Cet examen est d’une importance capitale, car tout effort de parvenir à soi-même, de s’éprouver subjectivement, serait caduc, ce qui, aux yeux de Henry, menacerait précisément de nous faire basculer dans la barbarie, définie comme « les modes de vie dans lesquels cette vie s’accomplit sous une forme grossière, fruste et rudimentaire ». Nous avons peut-être toujours conscience du monde, mais trop rarement « conscience de notre conscience du monde ».

Illustration: Tiffet Selon Michel Henry, la culture repose sur un savoir différent de celui des sciences objectives.

Que nos vies obéissent à la volonté de rigueur et d’objectivité de la science, cela peut certainement être d’une grande utilité. Mais la science, malheureusement, ne peut tout dire sur la vie et l’existence humaine, car elle est aussi faite d’incertitudes et de falsifications. Le comportement rationnel et adapté aux expériences est certes souhaitable, mais il demeure incapable de résorber l’incertitude et le désarroi provoqués par la présente crise planétaire ou de donner un quelconque sens à notre vie.
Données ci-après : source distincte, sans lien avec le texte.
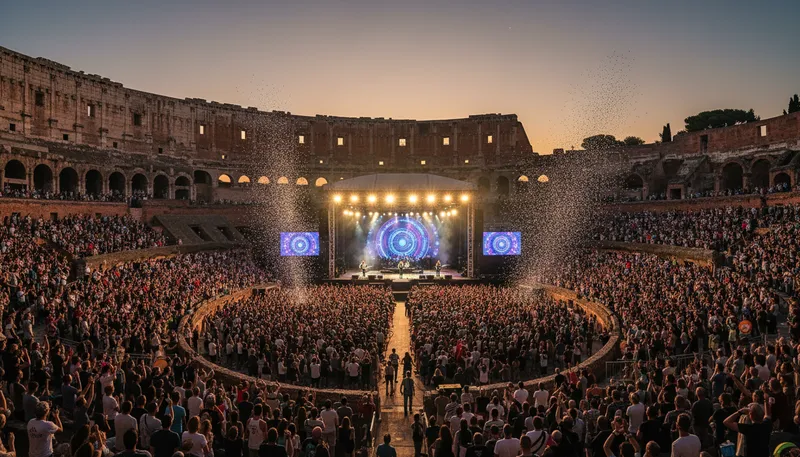 Illustration of coliseum: Large stadium for sports or events.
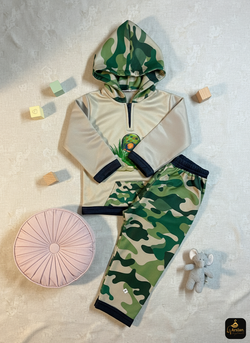 Green Camouflage Kids' Tracksuit with Dinosaur Print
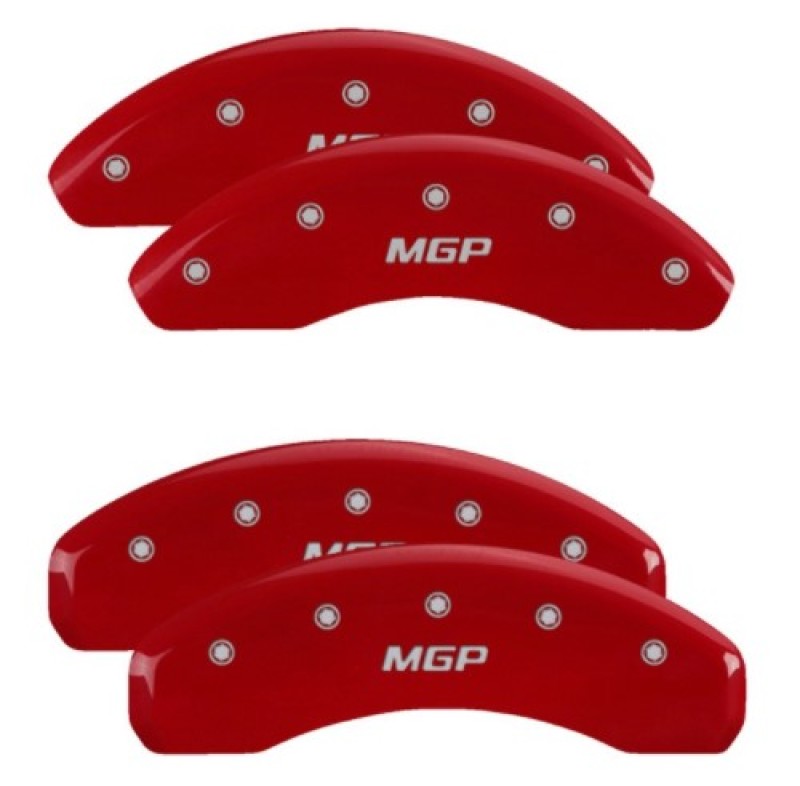 MGP 4 Caliper Covers Engraved Front & Rear MGP Red Finish Silver Characters 2019 Toyota CH-R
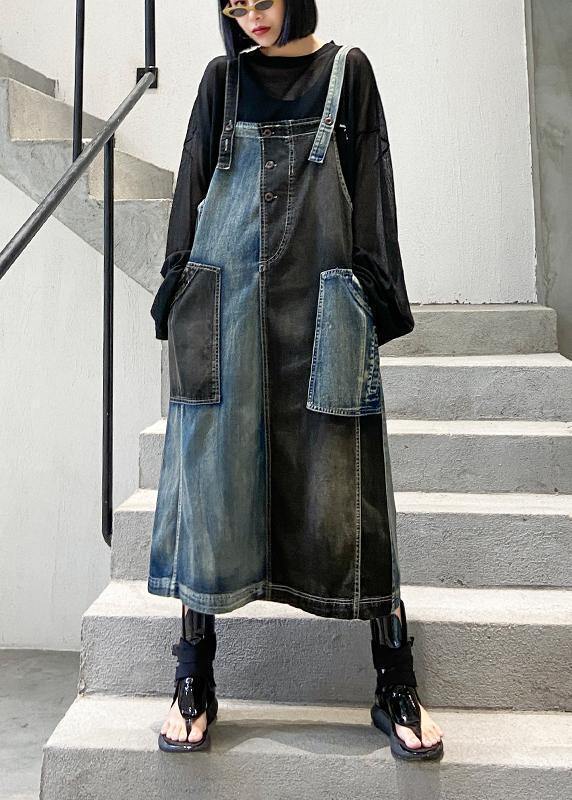100% denim black cotton quilting clothes Sleeveless pockets Maxi Dresses - SooLinen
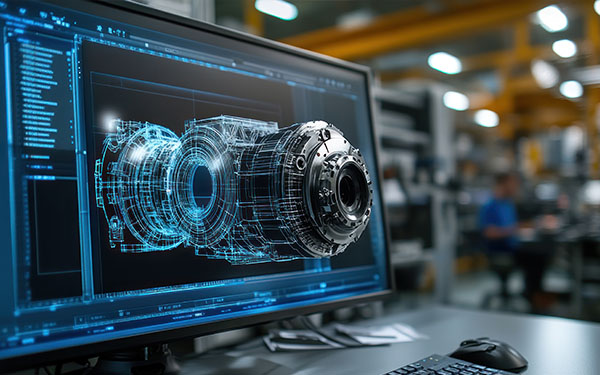 Image-Close-up of 3D modeling software on a computer screen in a high-tech environment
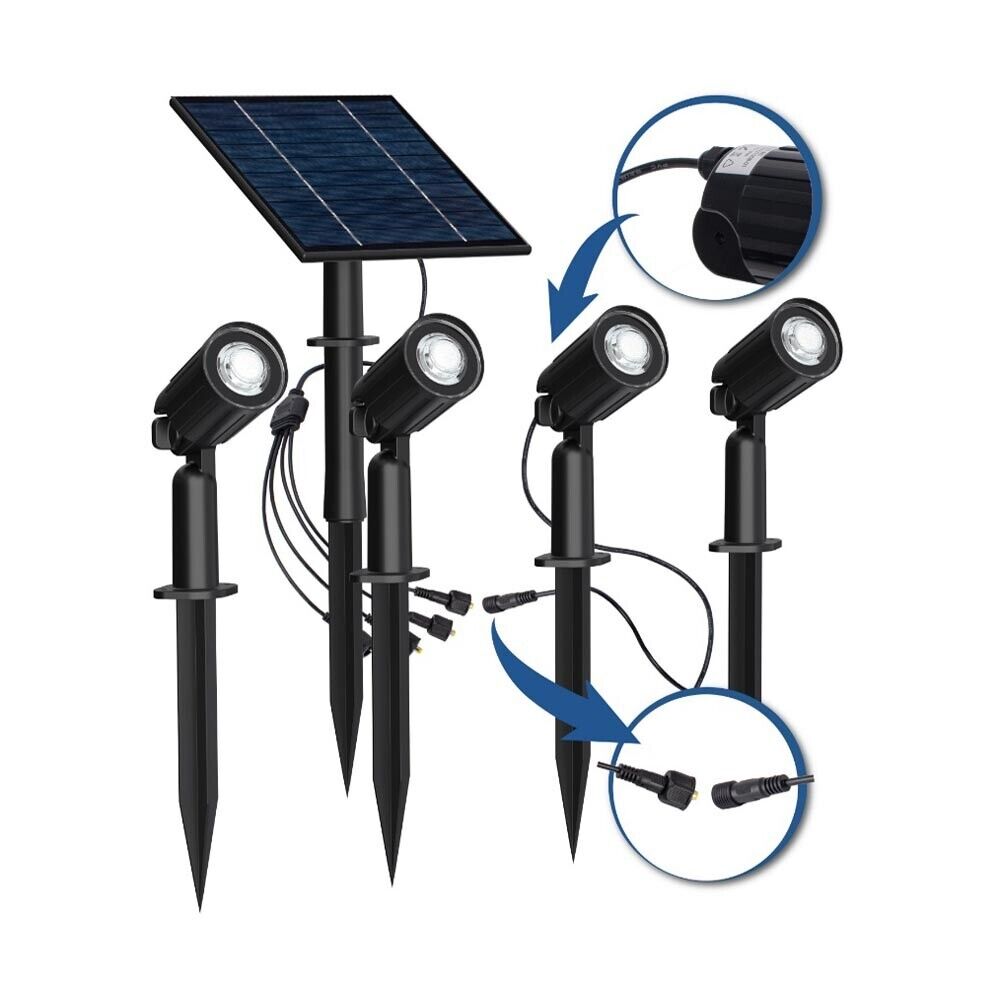 4 FARETTI LED LUCE CALDA FARETTO CON PANNELLO SOLARE PICCHETTO DA GIARDINO IP65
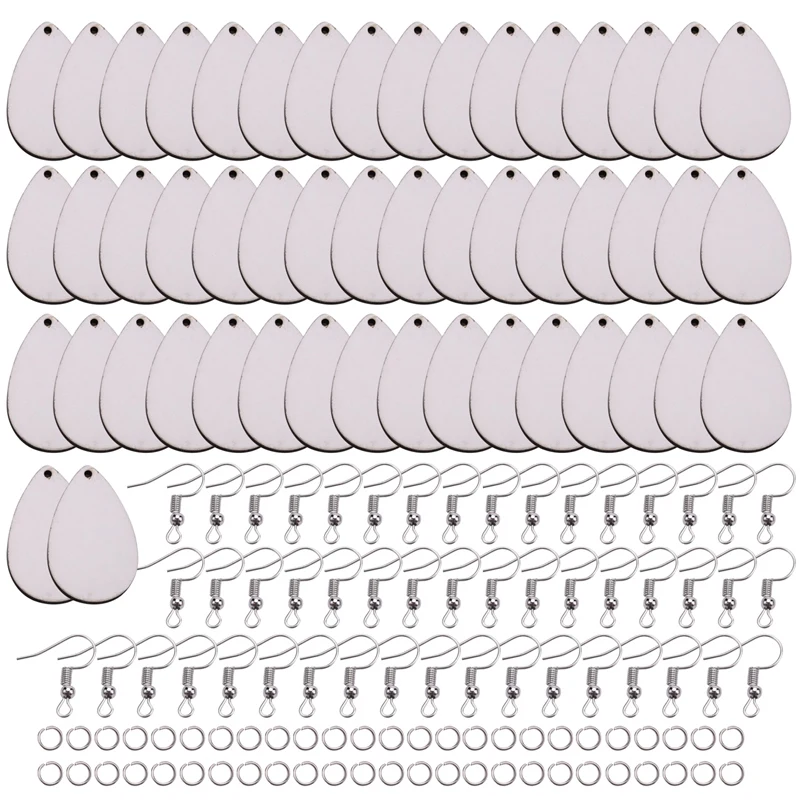 50 Pieces Sublimation Blank Earrings, Earrings Unfinished Teardrop Heat Transfer Earring Pendant For Jewelry DIY Making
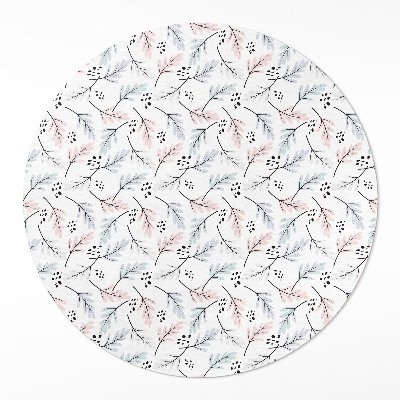 Kulatý vinylový koberec Pastelové jemné rostliny ve stylu boho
En ce sens, la science ne peut combler tous nos besoins. L’exemple historique de l’économie l’illustre bien. Dans les derniers siècles, la science économique s’est transformée radicalement. La valeur d’usage qui la fondait depuis des générations s’est effacée au profit de la valeur d’échange (l’argent), la production n’étant plus « suscitée, définie et limitée par les potentialités de la subjectivité, par les besoins ».
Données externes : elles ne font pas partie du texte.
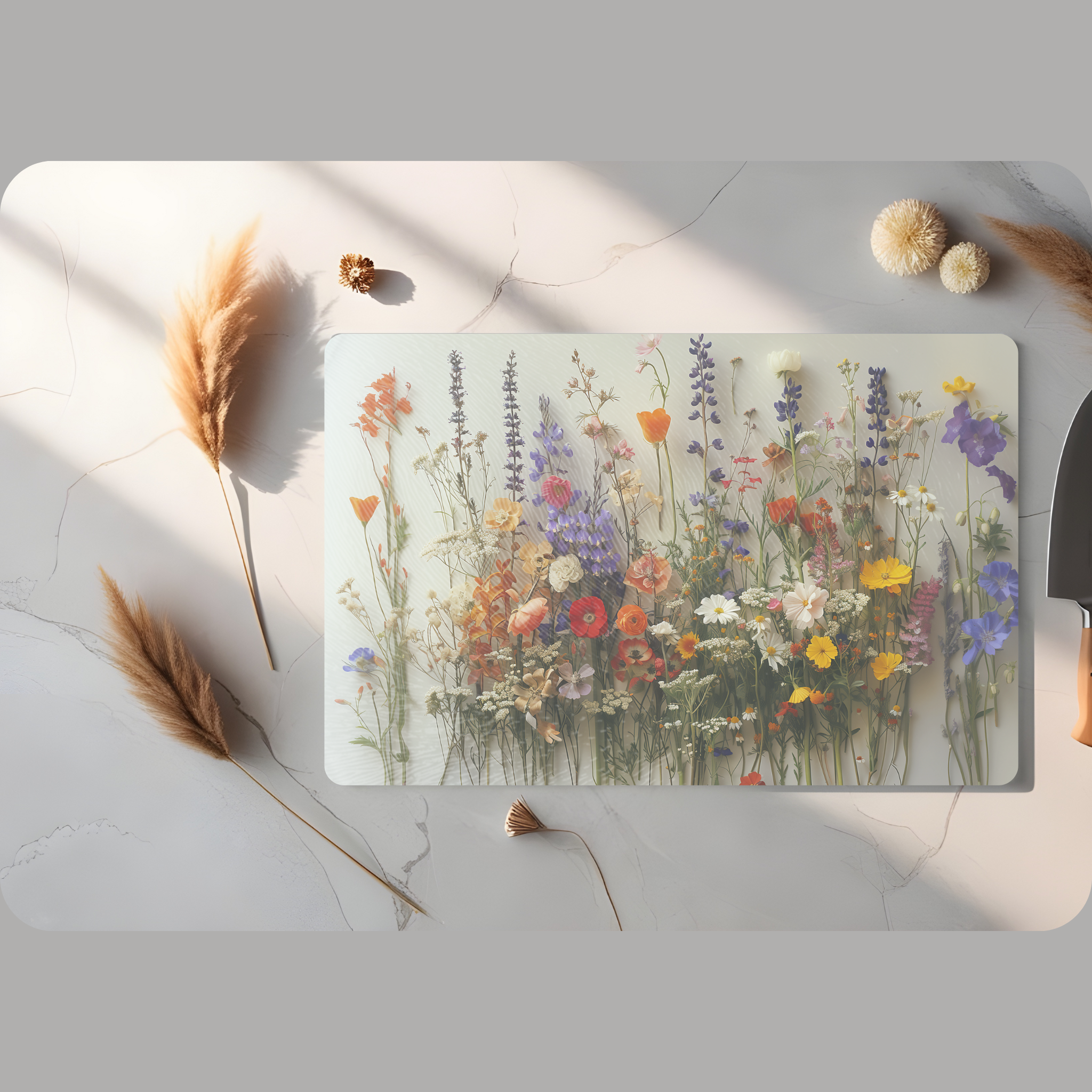 Fernville Creations - Wholesale Cutting Board - Tempered Glass Wildflowers Cutting & Serving Board1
L’effondrement périodique du système économique virtuel qui cherche à produire une réalité économique nous montre maintenant très clairement le décalage croissant qui existe entre les besoins individuels et l’univers économique. La rupture radicale de l’économie par rapport à la vie et à la pratique subjective (valeur d’usage) qui devrait la gouverner est parfaitement exposée dans les dysfonctionnements d’une économie basée sur la consommation.

Rejoindre l’humanité

Au final, si la science ignore la vie et le fait que cette vie est le fondement même de toute culture et de toute science, sa condition de possibilité, et si le déploiement de la technique radicalise la rupture par rapport à la culture et à la vie, quelle place pour l’humanité ? Le souci de l’humain ? Car, il faut bien le dire, l’humanité, avec en son sein la culture fondée sur la vie subjective qui éprouve et ressent, est bien ce qui se trouve ignoré par le savoir de la science et de la technique. Cela n’est-il pas ce qui ressurgit sous la lumière crue de la crise pandémique ? N’avons-nous pas une occasion unique de prendre conscience du décalage qui existe entre l’idéalisation de l’objet (l’objectivité) que produit la science et la vie individuelle qui nous fait éprouver le monde et qui devrait se penser comme l’origine de tout savoir d’ordre technique et scientifique ? Voilà qui appelle un devoir de penser l’humanité, selon Henry. Mais de la penser dans l’urgence de contester l’arbitraire de l’idéologie scientiste qui ignore les questions qui ne sont pas susceptibles de recevoir une réponse technique.